▶ [Problem details]
In the records below, the lines between the one holding "AI爆款表情包生成实战课：反" and the one holding "[Carta] 1948 dic.", inclusive, are to be transcribed exactly; no pictures are to be included.

▶ [Input for this task]
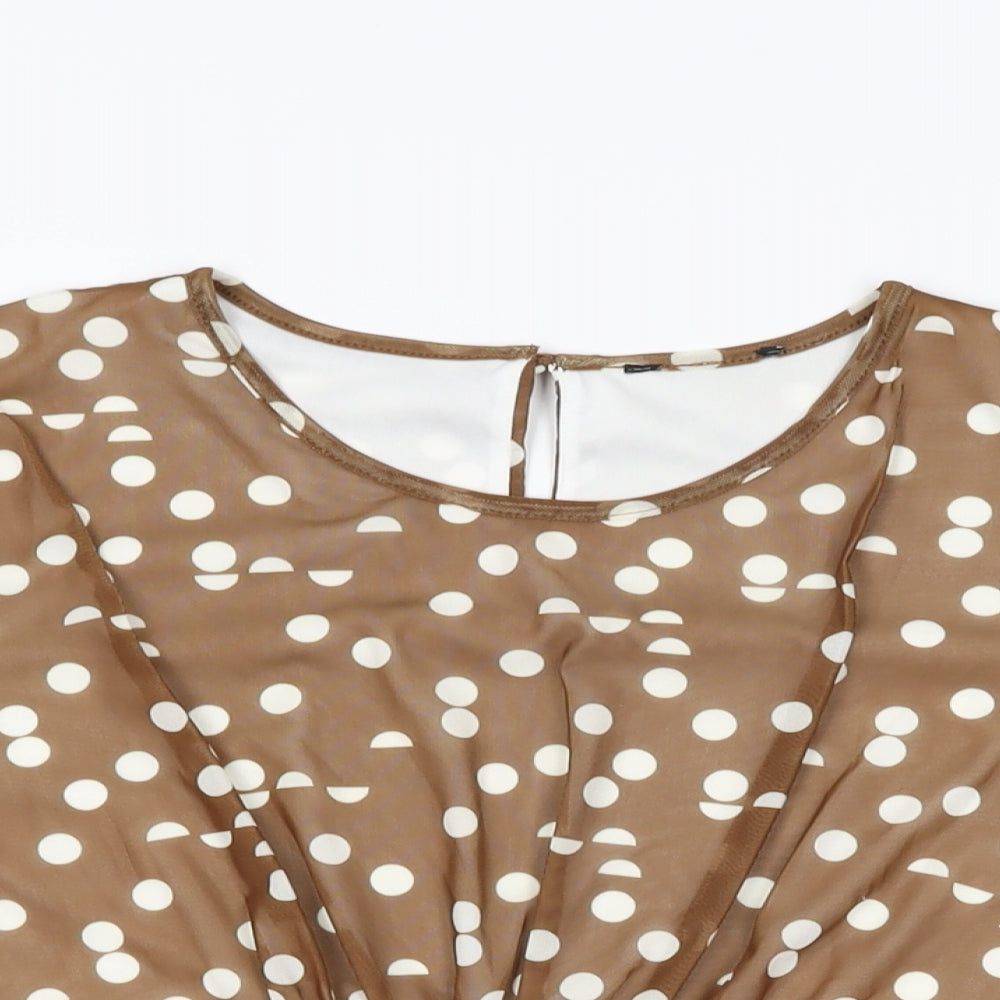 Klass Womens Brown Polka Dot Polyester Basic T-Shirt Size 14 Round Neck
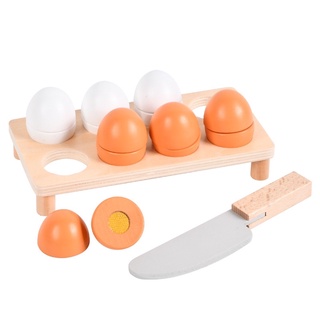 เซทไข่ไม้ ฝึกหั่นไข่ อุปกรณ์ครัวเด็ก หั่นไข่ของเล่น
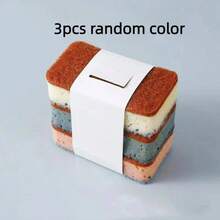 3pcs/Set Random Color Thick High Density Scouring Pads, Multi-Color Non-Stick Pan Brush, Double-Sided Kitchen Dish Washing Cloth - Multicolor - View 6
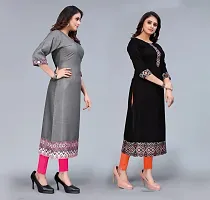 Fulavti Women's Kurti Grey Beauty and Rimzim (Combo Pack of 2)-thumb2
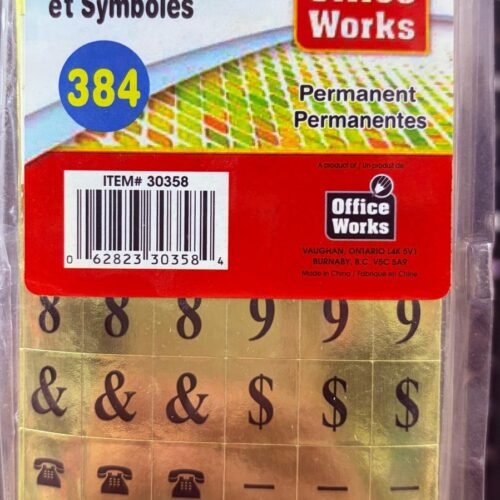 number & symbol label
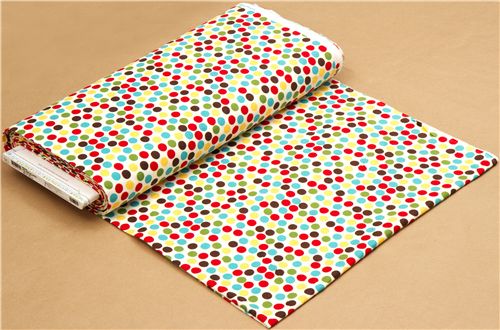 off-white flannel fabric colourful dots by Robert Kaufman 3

* * *

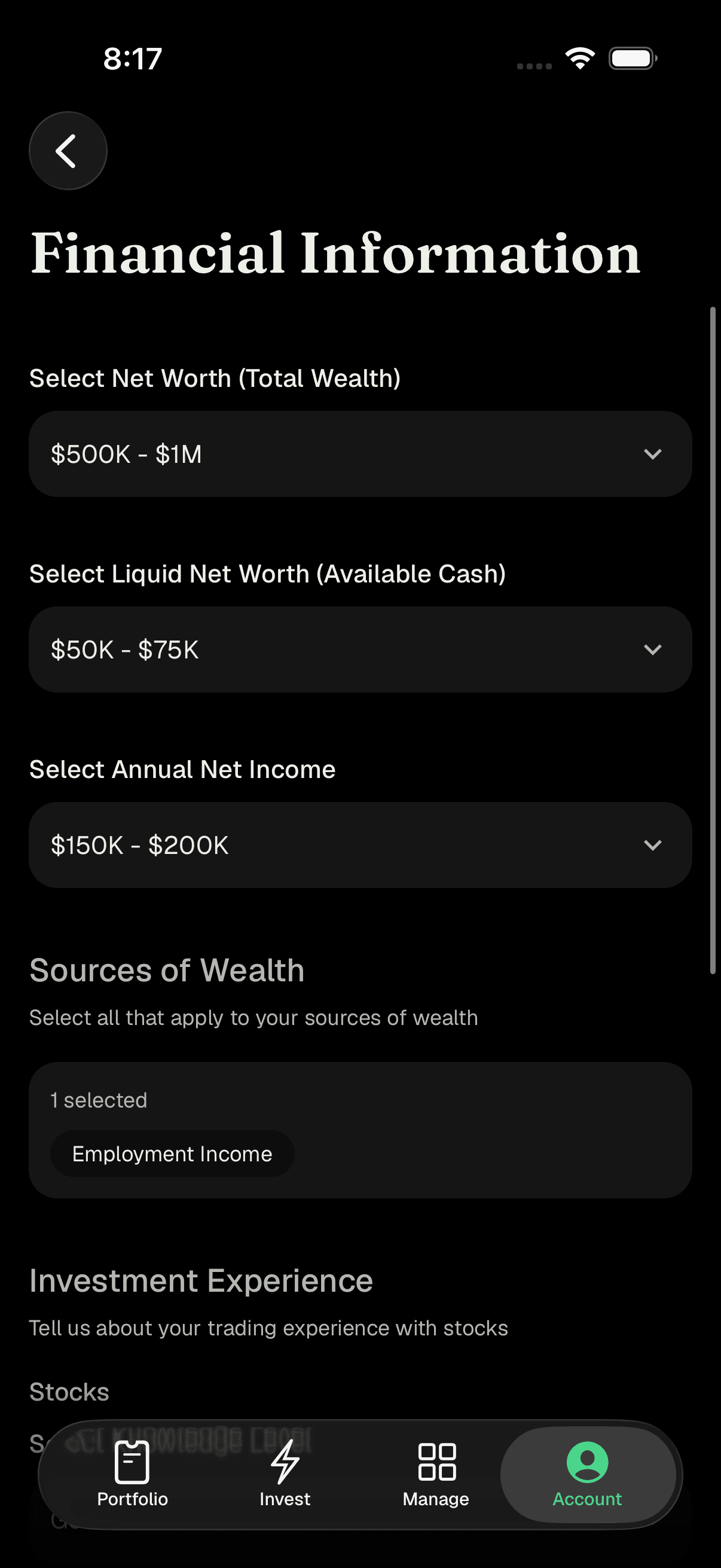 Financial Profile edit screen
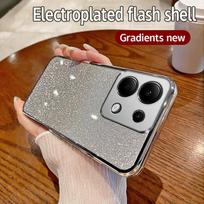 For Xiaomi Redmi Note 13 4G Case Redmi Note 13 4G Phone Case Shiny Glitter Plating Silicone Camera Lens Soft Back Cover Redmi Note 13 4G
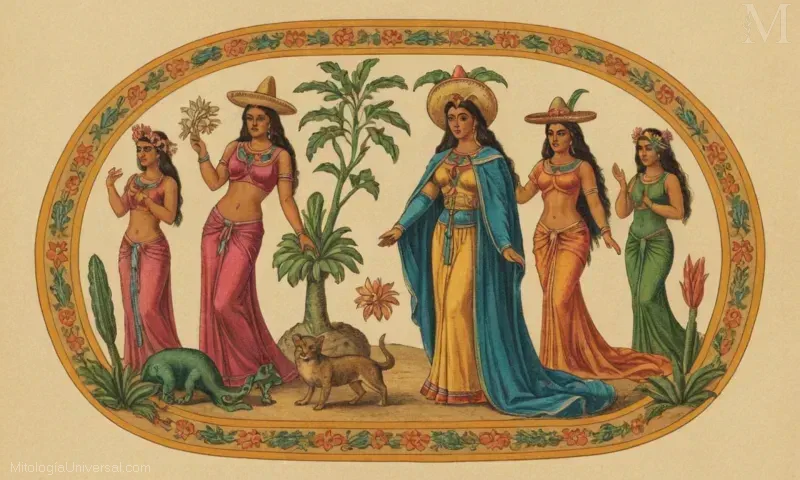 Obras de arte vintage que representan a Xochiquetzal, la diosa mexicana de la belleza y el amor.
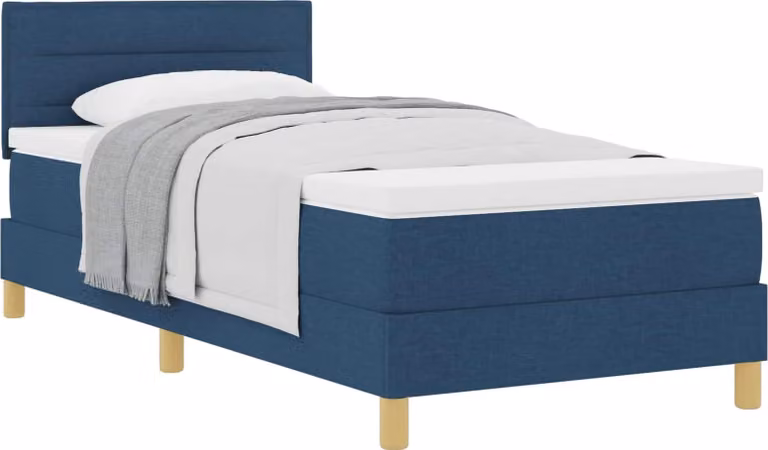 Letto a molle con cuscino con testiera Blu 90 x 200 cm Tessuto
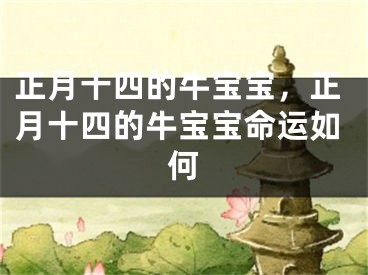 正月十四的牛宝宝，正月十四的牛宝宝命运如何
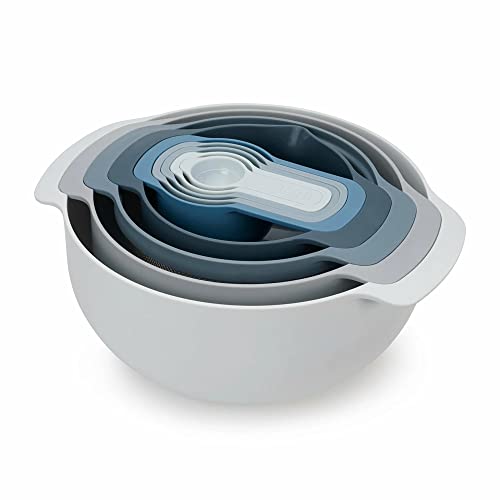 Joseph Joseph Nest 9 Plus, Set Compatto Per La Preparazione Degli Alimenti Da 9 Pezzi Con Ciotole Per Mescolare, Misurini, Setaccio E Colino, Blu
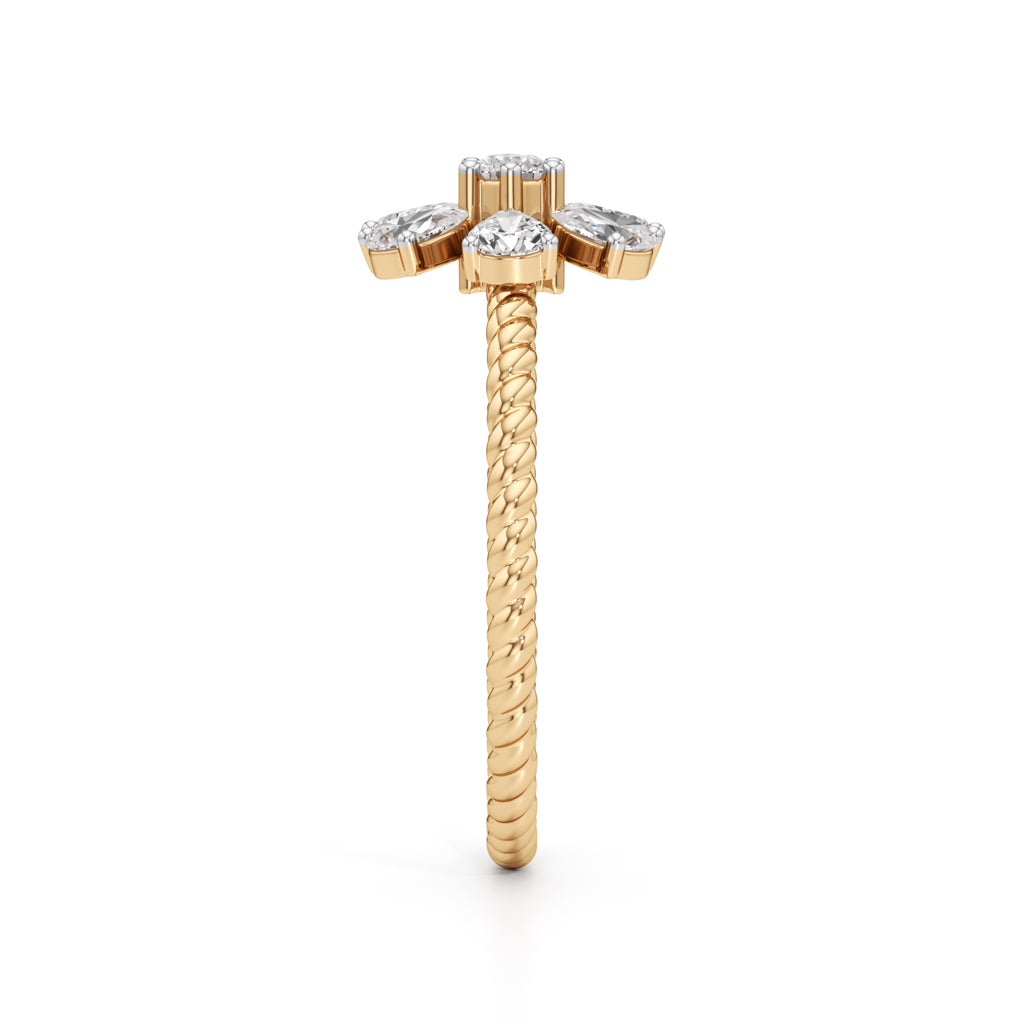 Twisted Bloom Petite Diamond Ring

* * *

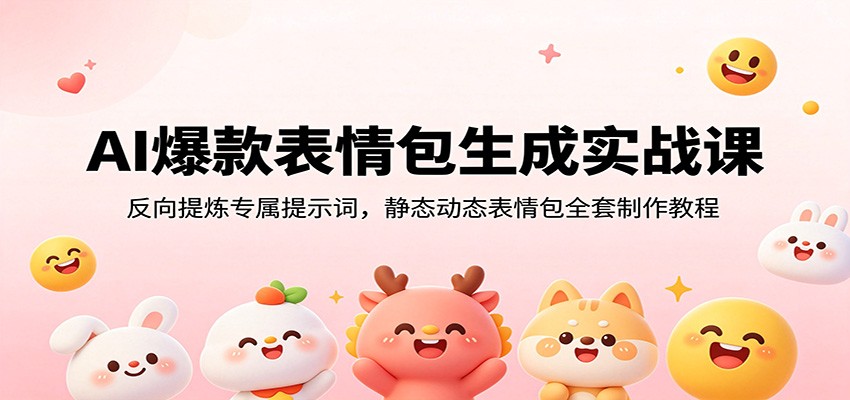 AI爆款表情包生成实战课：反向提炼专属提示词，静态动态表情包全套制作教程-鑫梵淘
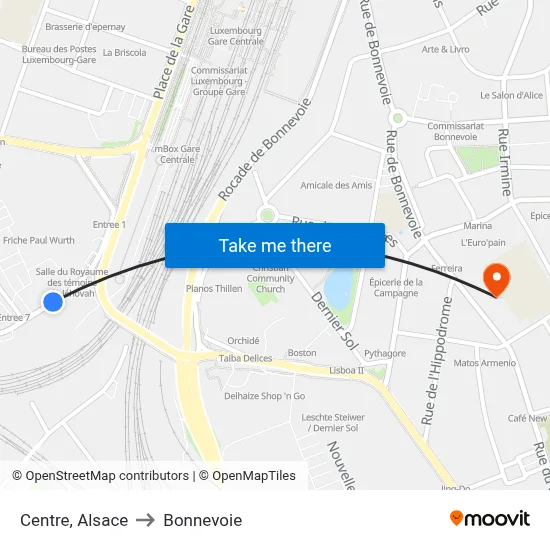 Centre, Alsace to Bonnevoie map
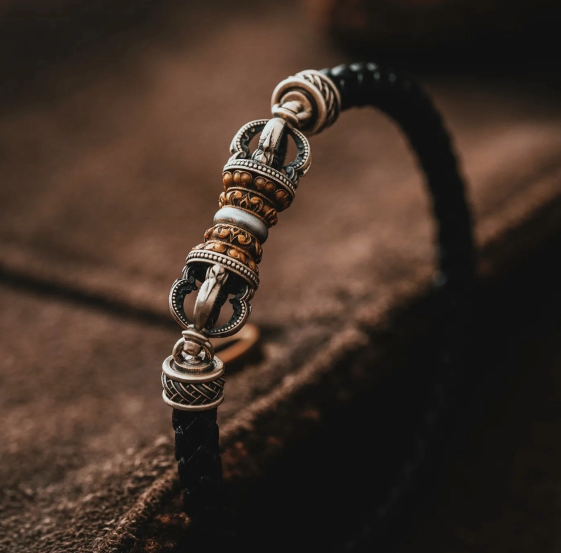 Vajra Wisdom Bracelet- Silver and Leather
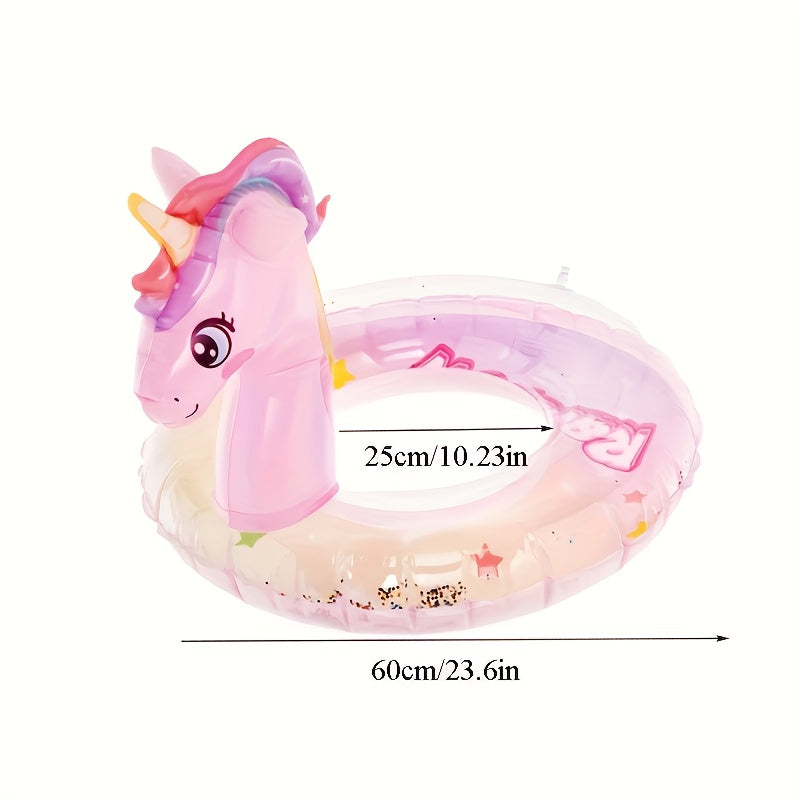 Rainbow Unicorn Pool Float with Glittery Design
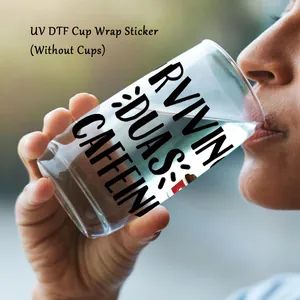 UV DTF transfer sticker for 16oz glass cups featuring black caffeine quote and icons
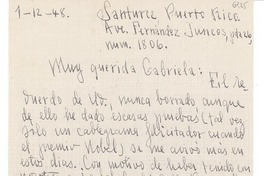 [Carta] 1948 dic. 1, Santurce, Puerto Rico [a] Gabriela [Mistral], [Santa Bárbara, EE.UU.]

▶ [Expected answer]
 AI爆款表情包生成实战课：反向提炼专属提示词，静态动态表情包全套制作教程-鑫梵淘
 Centre, Alsace to Bonnevoie map
 Vajra Wisdom Bracelet- Silver and Leather
 Rainbow Unicorn Pool Float with Glittery Design
 UV DTF transfer sticker for 16oz glass cups featuring black caffeine quote and icons
 [Carta] 1948 dic. 1, Santurce, Puerto Rico [a] Gabriela [Mistral], [Santa Bárbara, EE.UU.]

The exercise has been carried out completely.